Only about a dozen of the 150 volunteers are active.
WASHINGTON POST
WASHINGTON -- A barn on an abandoned dairy farm behind the St. Benedict Monastery in Bristow, Va., holds 250 mattresses, piled high on the second floor. They are surrounded by boxes of intravenous tubing, syringes, gauze and a small mountain of walkers.
Next door, another contains outdated delivery tables, heart monitors, hospital beds, wheelchairs and more large medical equipment, all cleaned and protected under plastic. Lining the gravel road to the barns are 11 worn trailers holding still more medical supplies, soap, clothing and nonperishable foods.
Medical Missionaries, a Manassas, Va.-based nonprofit organization, has been collecting the supplies, which were donated or thrown out by various medical outfits up and down the Eastern Seaboard, for 10 years. The all-volunteer group also collects various medicines and vaccines from larger nonprofit organizations and redistributes everything to groups serving 33 third-world countries.
But there is a problem: how to keep the organization alive. Of its almost 150 volunteers, only about a dozen are active, and most of them are retired. "I'm not getting any younger. That is one of my big concerns -- what happens beyond the core people," said Gilbert Irwin, 64, of Haymarket, Va., the driving force behind Medical Missionaries. "If we can get more money ... we can grow more and sustain the operation beyond our lifetime."
How it began
Starting in 1997 as a handful of people trying to vaccinate children and provide primitive health care to remote areas on the border of the Dominican Republic and Haiti, the group has grown to offer better care in a larger network.

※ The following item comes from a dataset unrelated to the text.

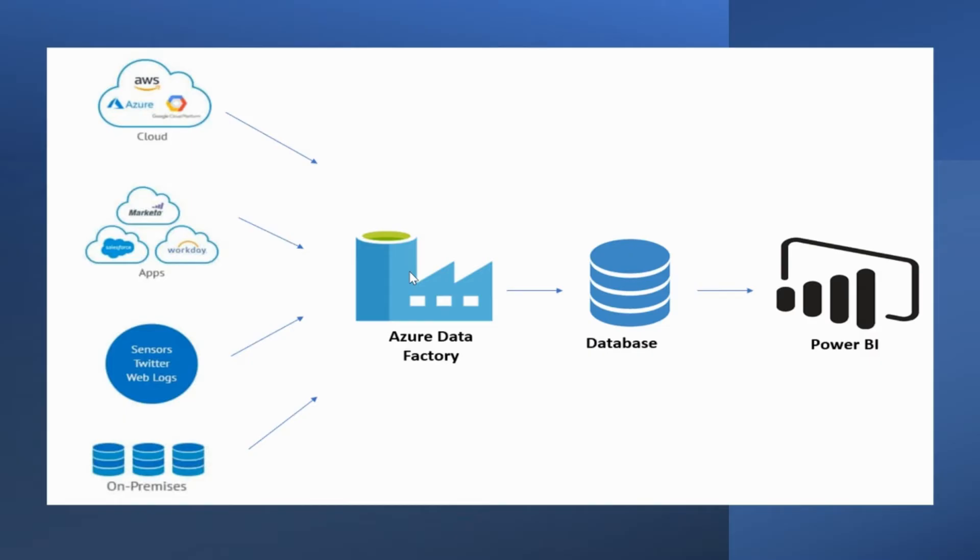For example, databases, data warehouse, lake house, and real-time data.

In January, Medical Missionaries opened a clinic in Haiti. In 2006, it sent 13 shipping containers loaded with medical supplies to various points around the world. It supports a network of about 100 medical teams from across the country who do similar work -- all on an annual budget of about 120,000.
Each dollar spent translates into 500 of value in the field, Irwin said. "Give me 1 percent of what the State Department spends overseas and I'll change the world," said Irwin, an internist in Manassas for 34 years.

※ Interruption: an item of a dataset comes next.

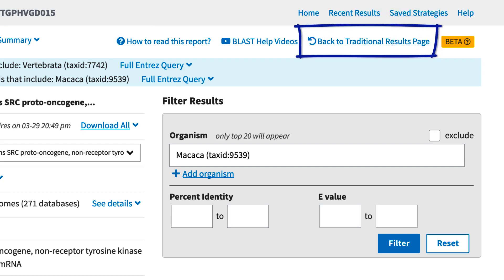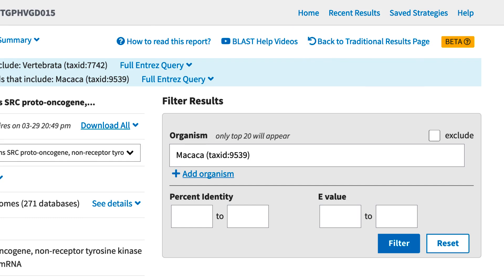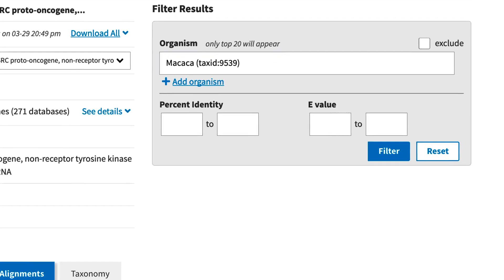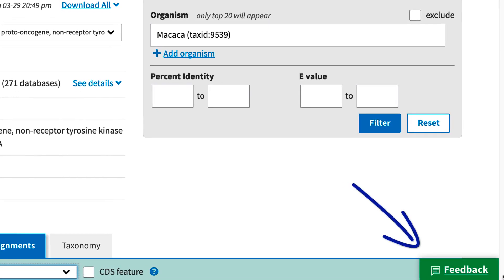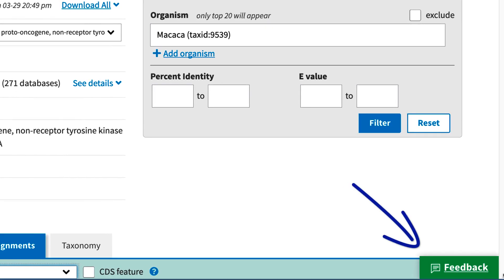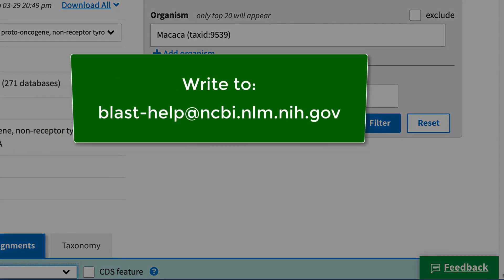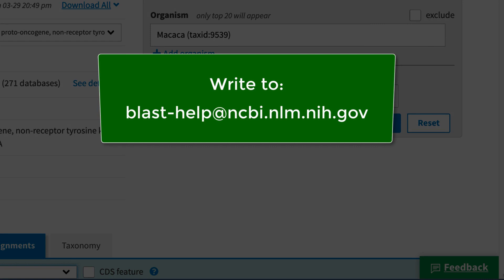Finally, you can get back to the traditional results page via this link below Saved Strategies. That's it for now. We'd love to have your feedback, so please use the Feedback button at the bottom of the page, or write to blast-help@ncbi.nlm.nih.gov with any feedback and questions.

The volunteer physicians, dentists, pharmacists, surgeons and nurses of Medical Missionaries have given out more than 500,000 vaccinations, removed teeth from 10,000 patients, handed out millions of bars of soap and treated countless ailments, he said.

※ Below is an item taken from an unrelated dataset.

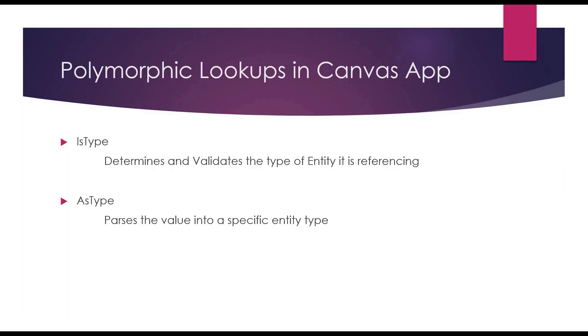To deal with such lookups in PowerApps, we have two specific functions: isType and asType, both with specific functions. IsType verifies the type you are expecting, and asType parses the value into that specific entity.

Now the clinic in Haiti has regular patients who come to pick out new wheelchairs with each shipment or to show off how much their child has grown, said Carolyn Jeans, 58, Medical Missionaries' head nurse. The group is trying to raise money to provide a permanent Haitian clinic staff.
"We want to get involved and provide continuity. You can only change things if you keep going to the same place over and over again and expand," Irwin said.
But to grow, you need volunteers, especially younger ones.
However, when school is out or it is testing season, younger volunteers are hard to come by, said Susie Cornell, who, at 53, is the group's youngest regular volunteer.